### ASSIGNMENT
Type the entries out again exactly as they read, but leave every picture behind.

### DATASET RECORDS
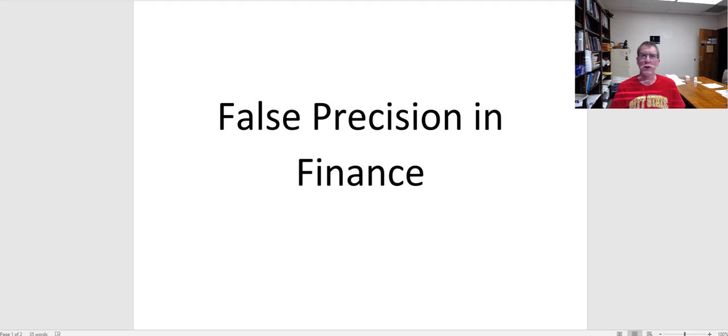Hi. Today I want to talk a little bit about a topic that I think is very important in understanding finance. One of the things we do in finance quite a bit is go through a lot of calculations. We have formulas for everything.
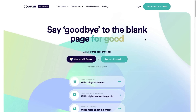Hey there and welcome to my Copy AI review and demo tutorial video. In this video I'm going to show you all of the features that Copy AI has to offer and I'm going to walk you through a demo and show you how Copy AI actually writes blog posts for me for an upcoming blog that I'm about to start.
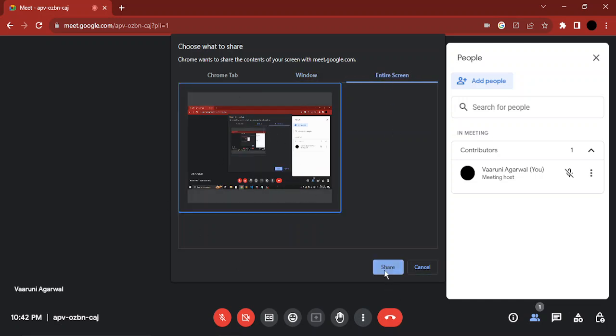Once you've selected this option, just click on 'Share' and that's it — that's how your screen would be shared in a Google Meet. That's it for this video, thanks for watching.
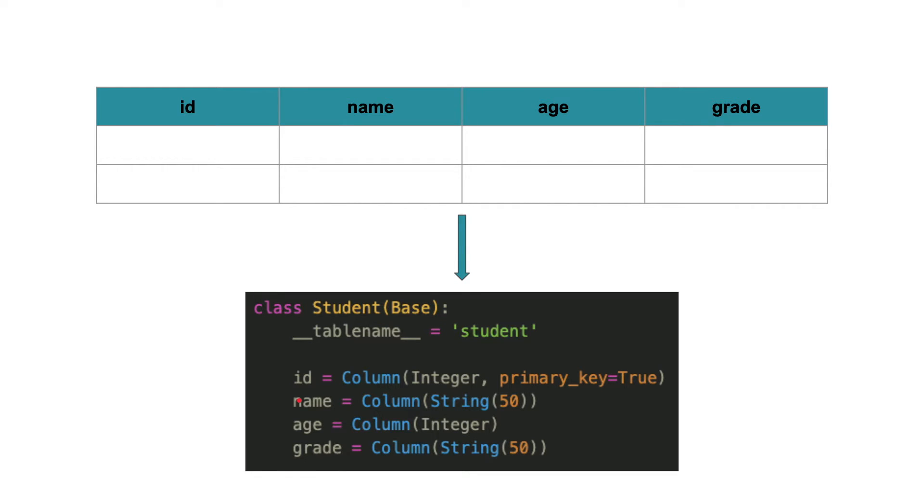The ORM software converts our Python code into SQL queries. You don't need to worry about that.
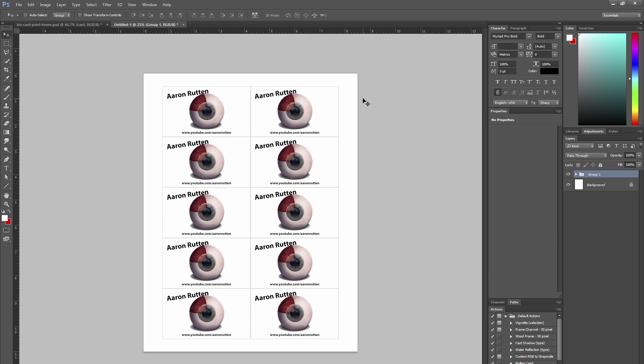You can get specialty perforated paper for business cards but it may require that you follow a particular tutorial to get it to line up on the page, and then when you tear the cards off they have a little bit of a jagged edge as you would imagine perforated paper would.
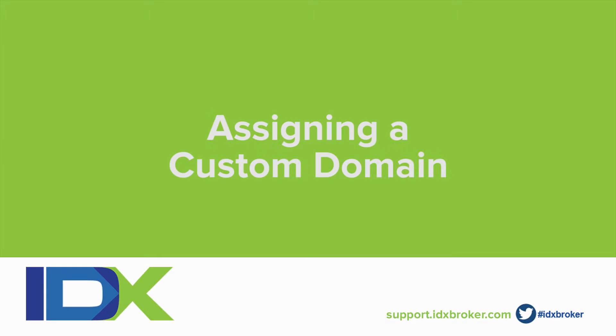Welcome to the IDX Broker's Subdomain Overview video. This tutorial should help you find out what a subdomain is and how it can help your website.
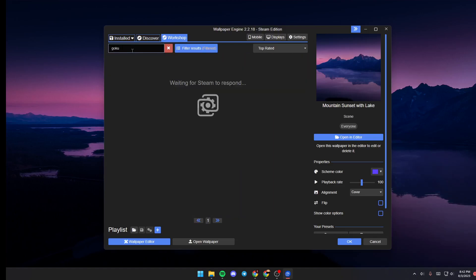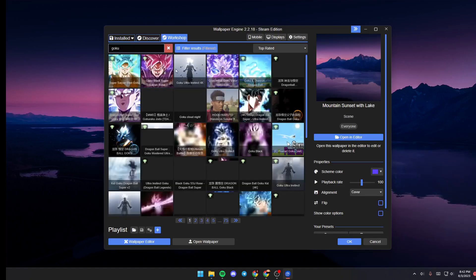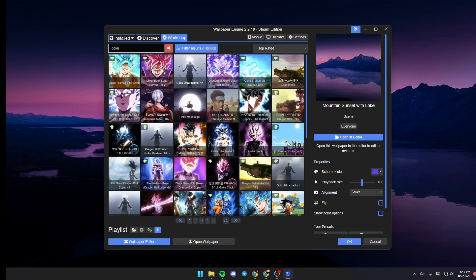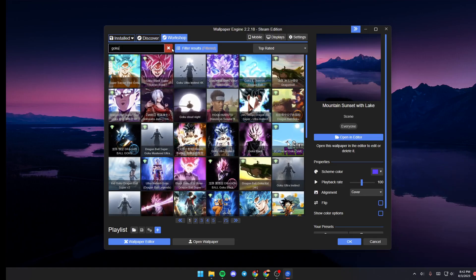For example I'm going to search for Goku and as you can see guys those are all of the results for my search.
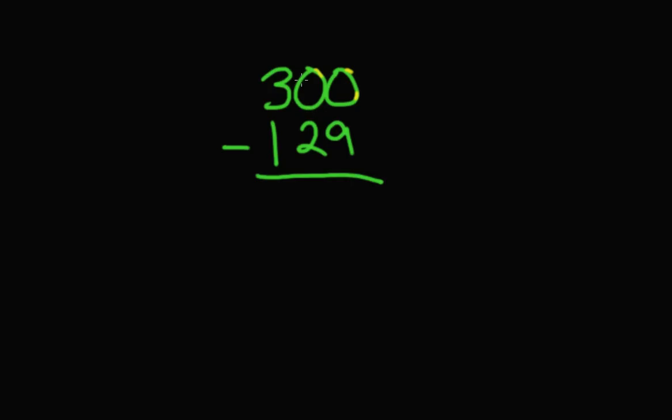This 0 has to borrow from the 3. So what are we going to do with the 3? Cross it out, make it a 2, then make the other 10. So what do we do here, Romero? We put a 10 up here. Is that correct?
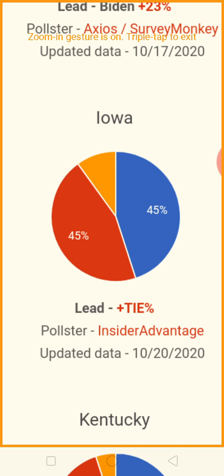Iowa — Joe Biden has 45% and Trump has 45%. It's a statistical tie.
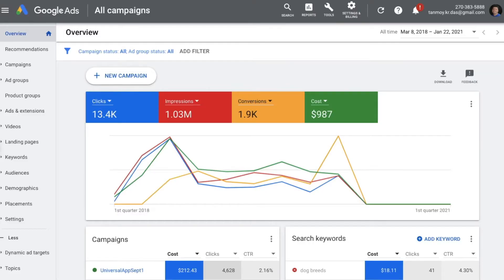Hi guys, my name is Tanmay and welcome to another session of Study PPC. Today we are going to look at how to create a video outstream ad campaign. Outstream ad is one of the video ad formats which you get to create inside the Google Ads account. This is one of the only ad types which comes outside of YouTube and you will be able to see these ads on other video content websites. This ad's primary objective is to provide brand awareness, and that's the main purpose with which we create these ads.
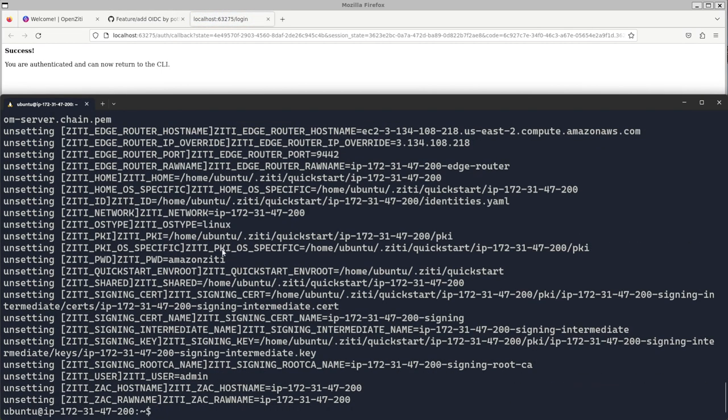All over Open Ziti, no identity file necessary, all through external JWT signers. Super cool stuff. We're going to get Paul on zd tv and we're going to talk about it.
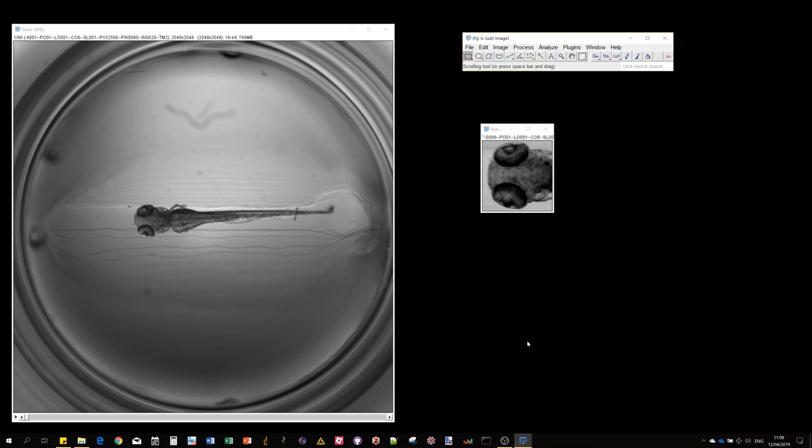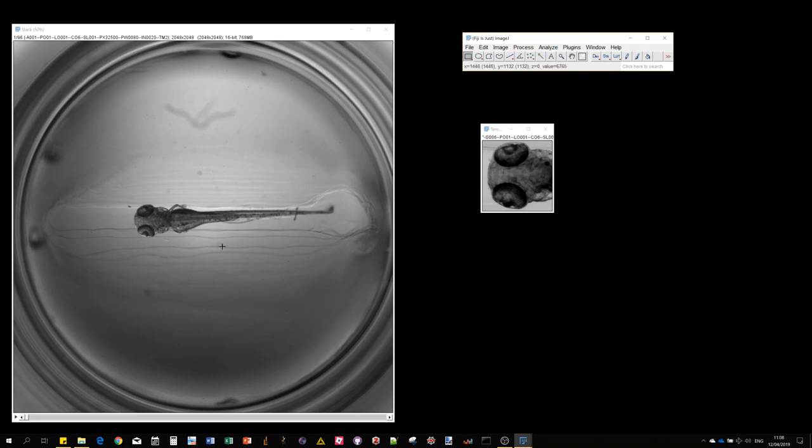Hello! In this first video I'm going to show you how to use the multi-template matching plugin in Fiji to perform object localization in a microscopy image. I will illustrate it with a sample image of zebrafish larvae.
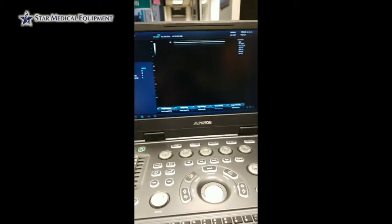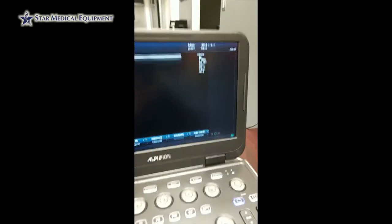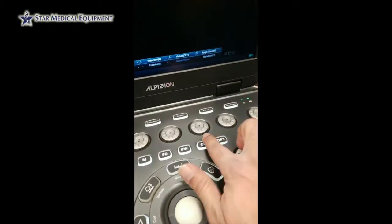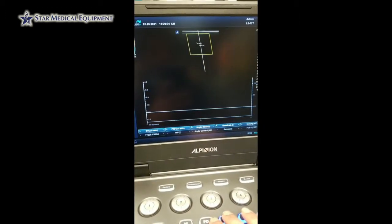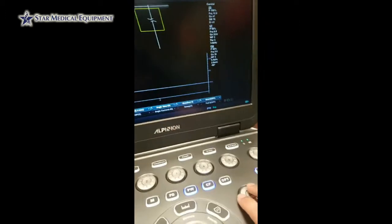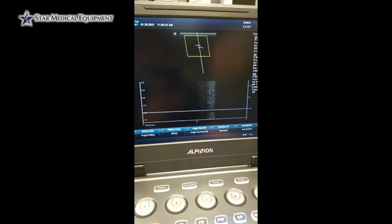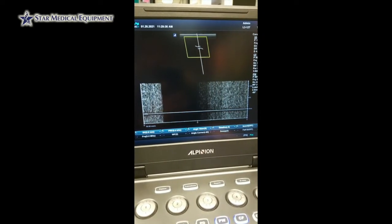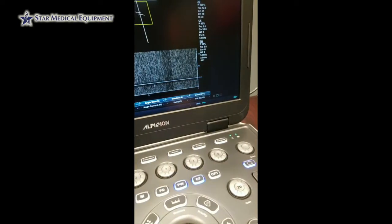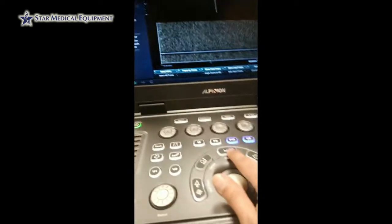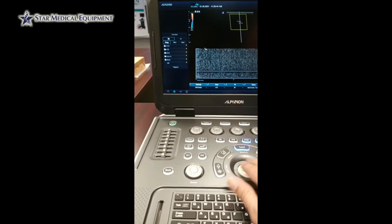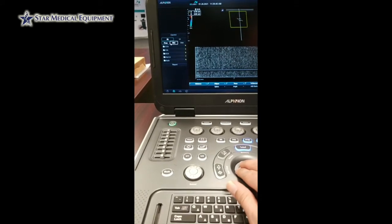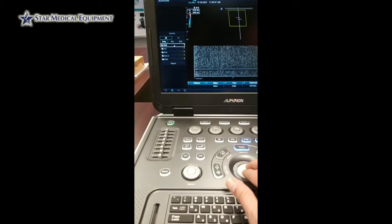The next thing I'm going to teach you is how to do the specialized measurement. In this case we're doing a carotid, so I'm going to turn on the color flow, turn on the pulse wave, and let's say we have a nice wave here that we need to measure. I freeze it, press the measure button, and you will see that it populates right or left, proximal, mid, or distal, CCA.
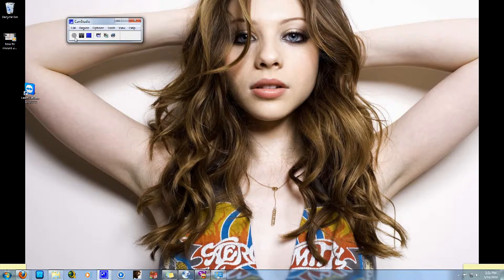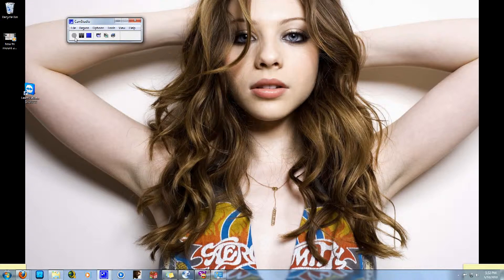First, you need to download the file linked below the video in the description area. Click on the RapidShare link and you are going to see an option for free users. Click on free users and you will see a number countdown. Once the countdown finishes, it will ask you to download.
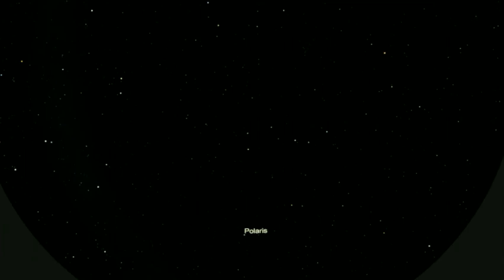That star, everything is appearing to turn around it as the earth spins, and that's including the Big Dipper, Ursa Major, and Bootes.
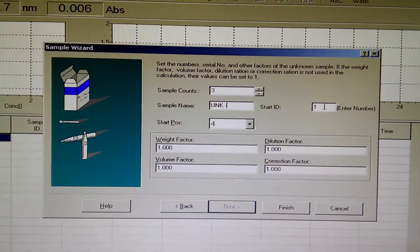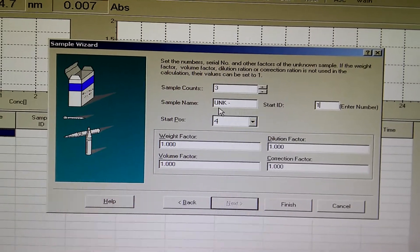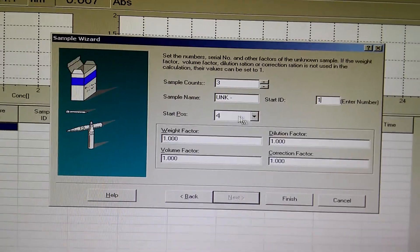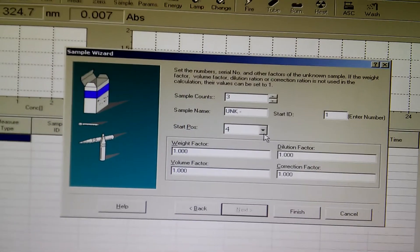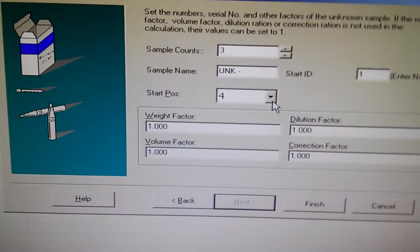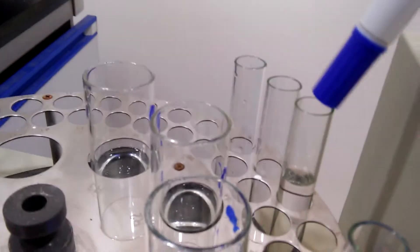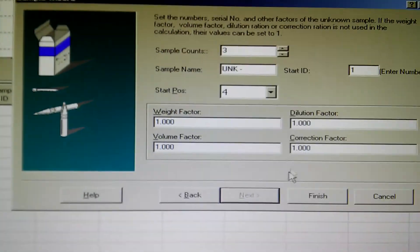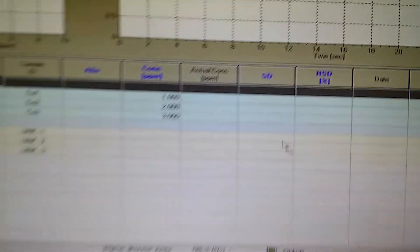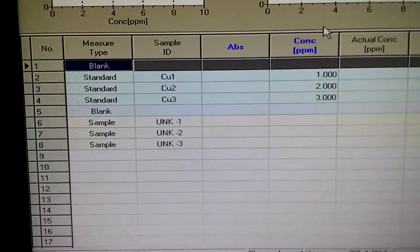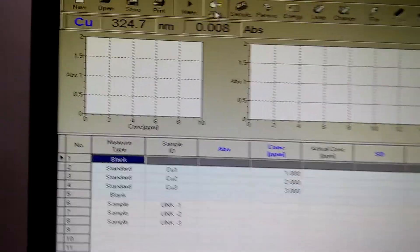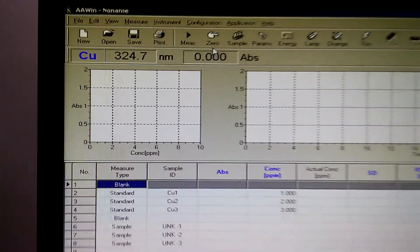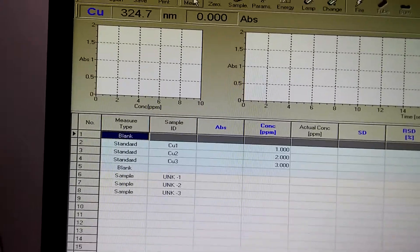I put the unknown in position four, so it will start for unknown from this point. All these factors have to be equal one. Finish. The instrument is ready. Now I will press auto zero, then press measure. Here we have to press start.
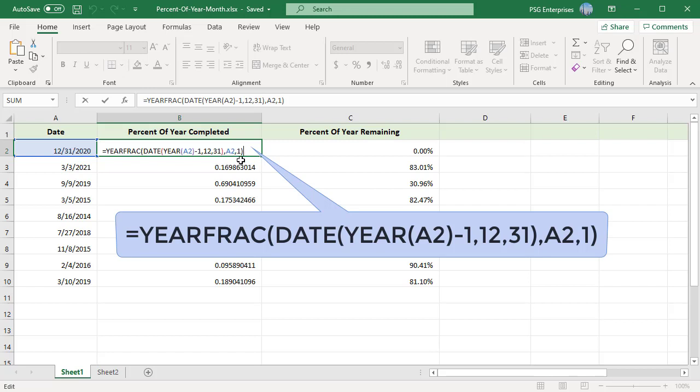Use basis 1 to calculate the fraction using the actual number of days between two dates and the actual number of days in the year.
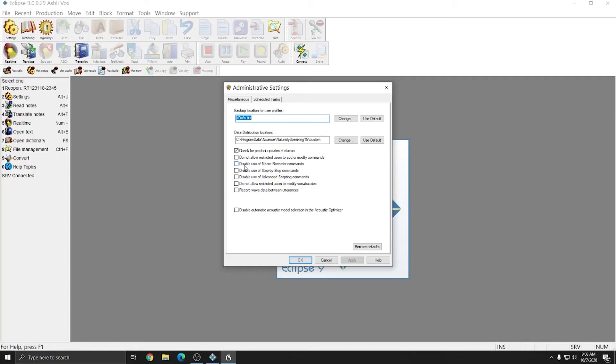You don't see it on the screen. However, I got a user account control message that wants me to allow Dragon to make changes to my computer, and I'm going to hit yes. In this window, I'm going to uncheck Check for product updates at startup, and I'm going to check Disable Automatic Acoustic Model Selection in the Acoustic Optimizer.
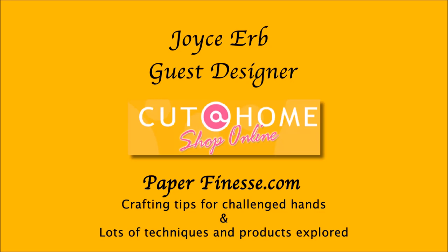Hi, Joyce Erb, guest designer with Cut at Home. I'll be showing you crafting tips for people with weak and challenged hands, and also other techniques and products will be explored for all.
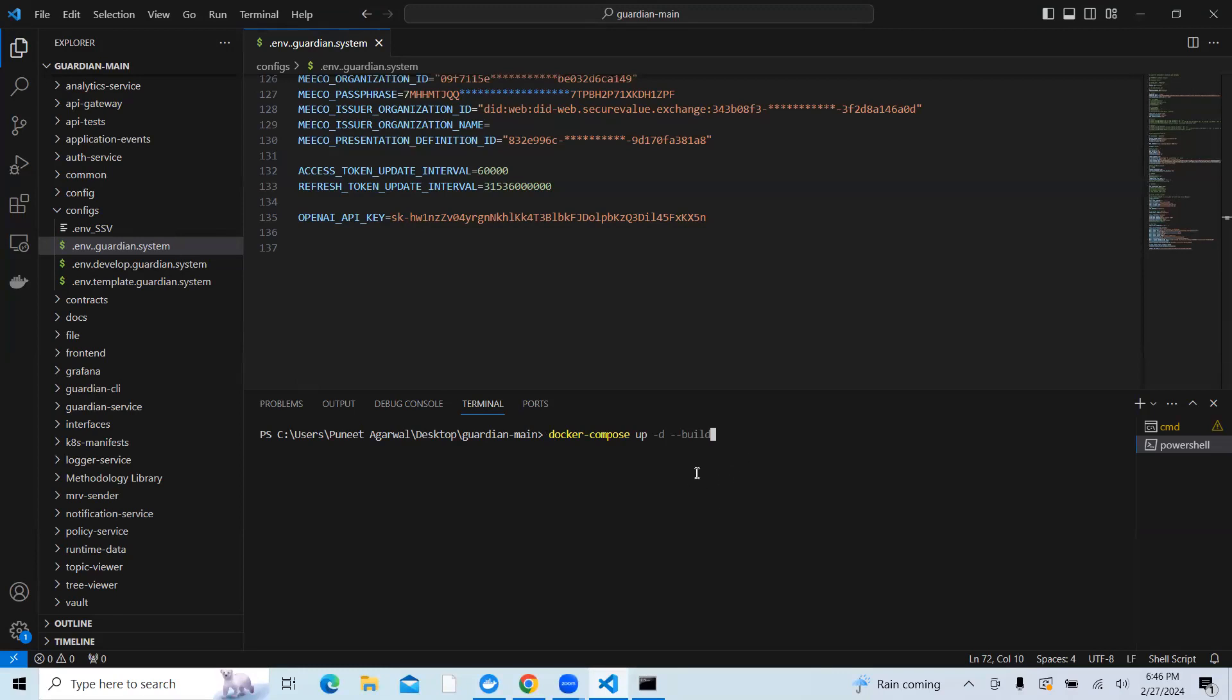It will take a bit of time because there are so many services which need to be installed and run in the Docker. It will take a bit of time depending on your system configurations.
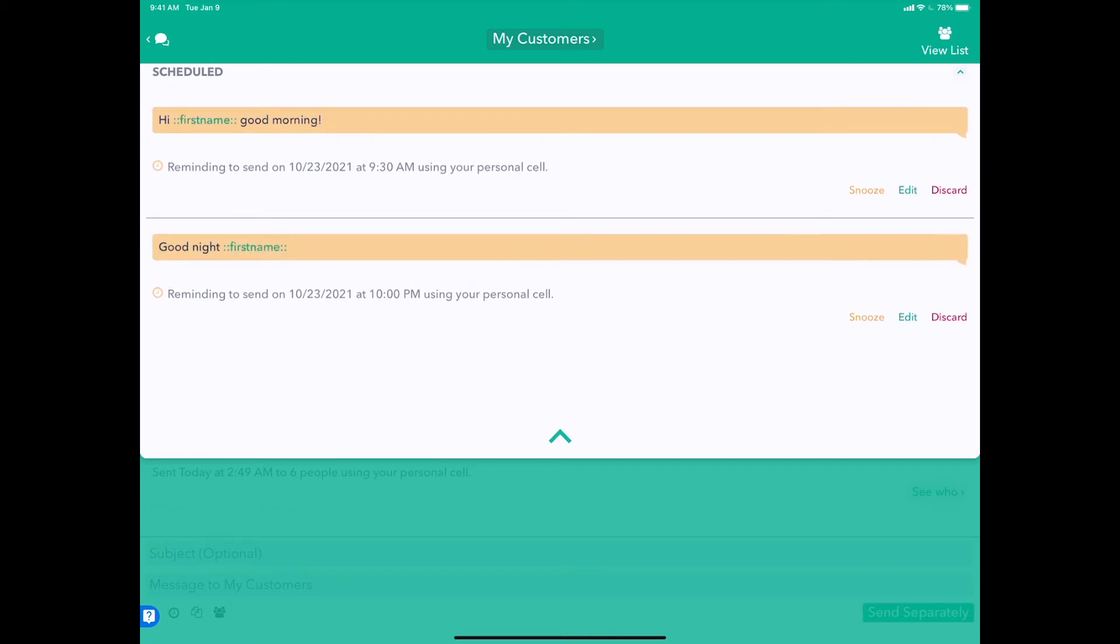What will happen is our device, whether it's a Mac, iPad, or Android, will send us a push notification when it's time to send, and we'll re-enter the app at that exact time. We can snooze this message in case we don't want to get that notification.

### COMPLETED EXERCISE
Hi. Today I want to talk a little bit about a topic that I think is very important in understanding finance. One of the things we do in finance quite a bit is go through a lot of calculations. We have formulas for everything.
Hey there and welcome to my Copy AI review and demo tutorial video. In this video I'm going to show you all of the features that Copy AI has to offer and I'm going to walk you through a demo and show you how Copy AI actually writes blog posts for me for an upcoming blog that I'm about to start.
Once you've selected this option, just click on 'Share' and that's it — that's how your screen would be shared in a Google Meet. That's it for this video, thanks for watching.
The ORM software converts our Python code into SQL queries. You don't need to worry about that.
You can get specialty perforated paper for business cards but it may require that you follow a particular tutorial to get it to line up on the page, and then when you tear the cards off they have a little bit of a jagged edge as you would imagine perforated paper would.
Welcome to the IDX Broker's Subdomain Overview video. This tutorial should help you find out what a subdomain is and how it can help your website.
For example I'm going to search for Goku and as you can see guys those are all of the results for my search.
This 0 has to borrow from the 3. So what are we going to do with the 3? Cross it out, make it a 2, then make the other 10. So what do we do here, Romero? We put a 10 up here. Is that correct?
Iowa — Joe Biden has 45% and Trump has 45%. It's a statistical tie.
Hi guys, my name is Tanmay and welcome to another session of Study PPC. Today we are going to look at how to create a video outstream ad campaign. Outstream ad is one of the video ad formats which you get to create inside the Google Ads account. This is one of the only ad types which comes outside of YouTube and you will be able to see these ads on other video content websites. This ad's primary objective is to provide brand awareness, and that's the main purpose with which we create these ads.
All over Open Ziti, no identity file necessary, all through external JWT signers. Super cool stuff. We're going to get Paul on zd tv and we're going to talk about it.
Hello! In this first video I'm going to show you how to use the multi-template matching plugin in Fiji to perform object localization in a microscopy image. I will illustrate it with a sample image of zebrafish larvae.
The next thing I'm going to teach you is how to do the specialized measurement. In this case we're doing a carotid, so I'm going to turn on the color flow, turn on the pulse wave, and let's say we have a nice wave here that we need to measure. I freeze it, press the measure button, and you will see that it populates right or left, proximal, mid, or distal, CCA.
First, you need to download the file linked below the video in the description area. Click on the RapidShare link and you are going to see an option for free users. Click on free users and you will see a number countdown. Once the countdown finishes, it will ask you to download.
That star, everything is appearing to turn around it as the earth spins, and that's including the Big Dipper, Ursa Major, and Bootes.
I put the unknown in position four, so it will start for unknown from this point. All these factors have to be equal one. Finish. The instrument is ready. Now I will press auto zero, then press measure. Here we have to press start.
Use basis 1 to calculate the fraction using the actual number of days between two dates and the actual number of days in the year.
You don't see it on the screen. However, I got a user account control message that wants me to allow Dragon to make changes to my computer, and I'm going to hit yes. In this window, I'm going to uncheck Check for product updates at startup, and I'm going to check Disable Automatic Acoustic Model Selection in the Acoustic Optimizer.
Hi, Joyce Erb, guest designer with Cut at Home. I'll be showing you crafting tips for people with weak and challenged hands, and also other techniques and products will be explored for all.
It will take a bit of time because there are so many services which need to be installed and run in the Docker. It will take a bit of time depending on your system configurations.
What will happen is our device, whether it's a Mac, iPad, or Android, will send us a push notification when it's time to send, and we'll re-enter the app at that exact time. We can snooze this message in case we don't want to get that notification.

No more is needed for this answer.